Today was not one of the good ones. Inasmuch as it didn’t feel good. I went to Bellingen and to the Commonwealth Bank. There was a good deal less money than I had hoped.
I went to the Courthouse and spoke with Mark H who is a good man. He gave me the autopsy report. Izzy was so very ill with heart disease and kidney trouble. it said he could have dropped dead at any time especially under physical exertion.
How could he have kept going at the pace that he did ?
How could he have run up that mountain road ?
This afternoon, Louise came and we talked longtime.
I am going to Meeting tonight even though I am weary to the bone and in pain. It is my 27th birthday today. 27 years clean and sober, Best I can do today.
2 phone calls today. The Death Certificates will come in a week or so and then the coroner’s report. He had heart disease. Bigtime. With all major arteries clogged and blocked. The heart muscle damaged.

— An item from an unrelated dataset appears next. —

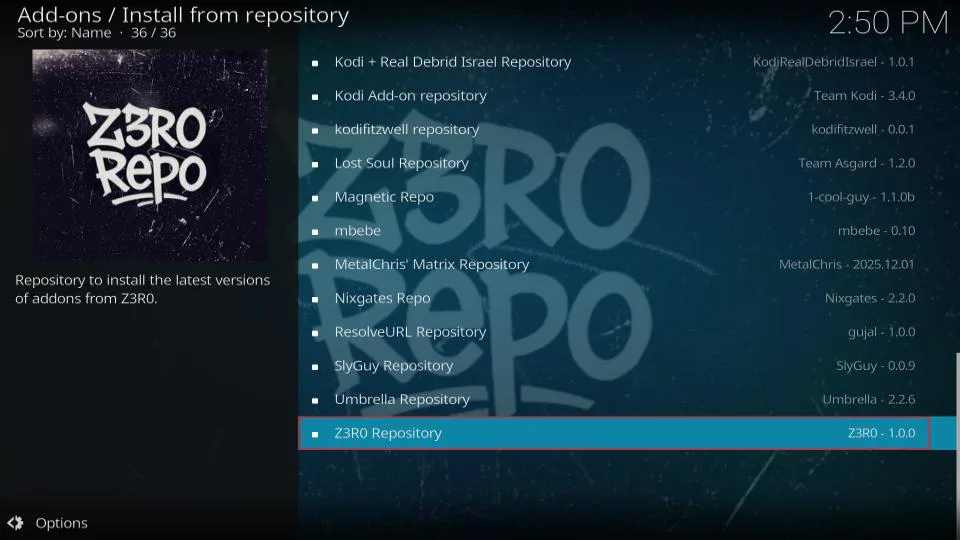 select zero repository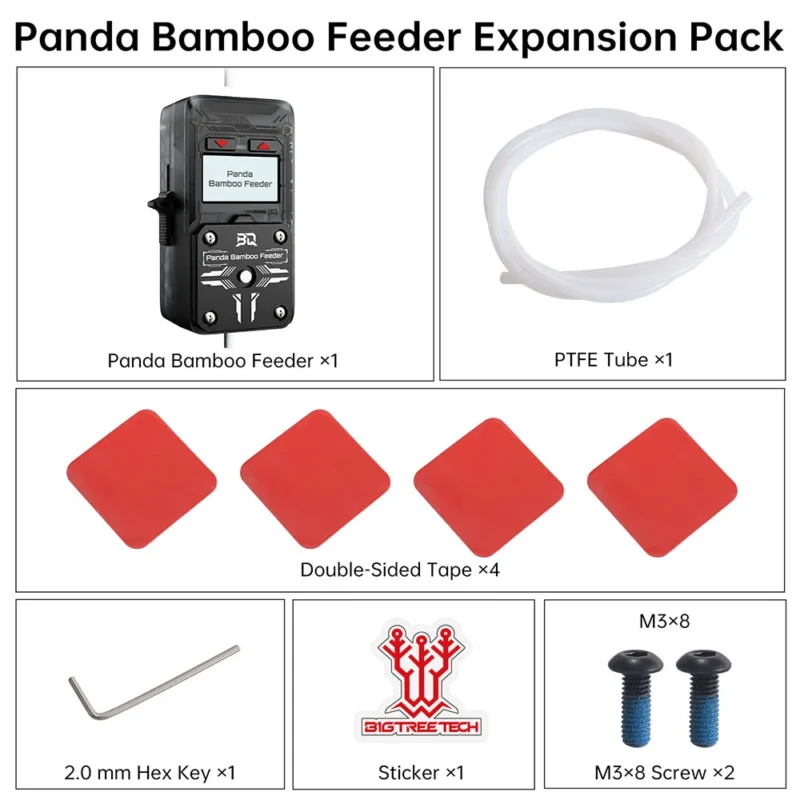 Panda Bamboo Feeder Expansion Pack: Includes feeder, PTFE tube, double-sided tape, hex key, sticker, and screws.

And so he died in the Forest.
OK Grief, my well dressed Friend. I will not be using the generic, 80s-90s-00s pacifying placating woolworths techniques on you, despite the good intentions of some of my acquaintances and officialdom combined with .orgs online. You have encountered another of the old anarchist feminist radicals of the 60s and drug fiends of the 70s with a taste for the melodramatic. I am not afraid to wail and mourn and scream OCHA. And sob unreservedly in my bed at night. Nor am I afraid to look like a dickhead. I am bringing out the big guns on you today. Try to survive this treatment, why don’t you ?
PS I also will NOT be sitting in a bathtub with sweet candles burning in the dark. It always brings PSYCHO clips to mind and doesn’t comfort me at all. Aimless eating of Maccas helps. Now – take this, Grief.